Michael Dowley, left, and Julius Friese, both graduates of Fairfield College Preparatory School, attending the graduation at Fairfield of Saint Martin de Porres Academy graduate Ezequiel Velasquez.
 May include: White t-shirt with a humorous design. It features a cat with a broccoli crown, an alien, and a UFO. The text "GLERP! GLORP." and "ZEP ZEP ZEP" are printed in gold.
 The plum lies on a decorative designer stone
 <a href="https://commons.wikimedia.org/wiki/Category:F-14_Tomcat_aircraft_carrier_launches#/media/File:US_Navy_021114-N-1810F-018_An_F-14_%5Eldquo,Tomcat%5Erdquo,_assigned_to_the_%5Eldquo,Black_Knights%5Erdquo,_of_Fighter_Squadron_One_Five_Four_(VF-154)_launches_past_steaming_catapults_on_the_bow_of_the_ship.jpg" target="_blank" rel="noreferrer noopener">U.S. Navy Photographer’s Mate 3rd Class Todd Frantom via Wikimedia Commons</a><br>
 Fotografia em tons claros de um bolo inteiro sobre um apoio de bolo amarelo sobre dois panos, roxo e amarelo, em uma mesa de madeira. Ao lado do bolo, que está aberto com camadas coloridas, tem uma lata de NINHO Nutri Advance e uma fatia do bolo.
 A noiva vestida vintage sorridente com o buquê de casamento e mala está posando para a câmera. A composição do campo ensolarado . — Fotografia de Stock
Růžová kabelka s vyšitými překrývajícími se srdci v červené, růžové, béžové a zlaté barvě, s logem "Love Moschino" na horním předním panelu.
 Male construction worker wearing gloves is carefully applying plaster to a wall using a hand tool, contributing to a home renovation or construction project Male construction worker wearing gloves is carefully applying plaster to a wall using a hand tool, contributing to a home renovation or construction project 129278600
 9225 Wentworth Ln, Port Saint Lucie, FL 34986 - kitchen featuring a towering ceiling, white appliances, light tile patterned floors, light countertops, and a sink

========================

** What this task involves **
Check each line of the records for the word "Saint", then state how many lines have it, as a number only.

** Exercise answer **
2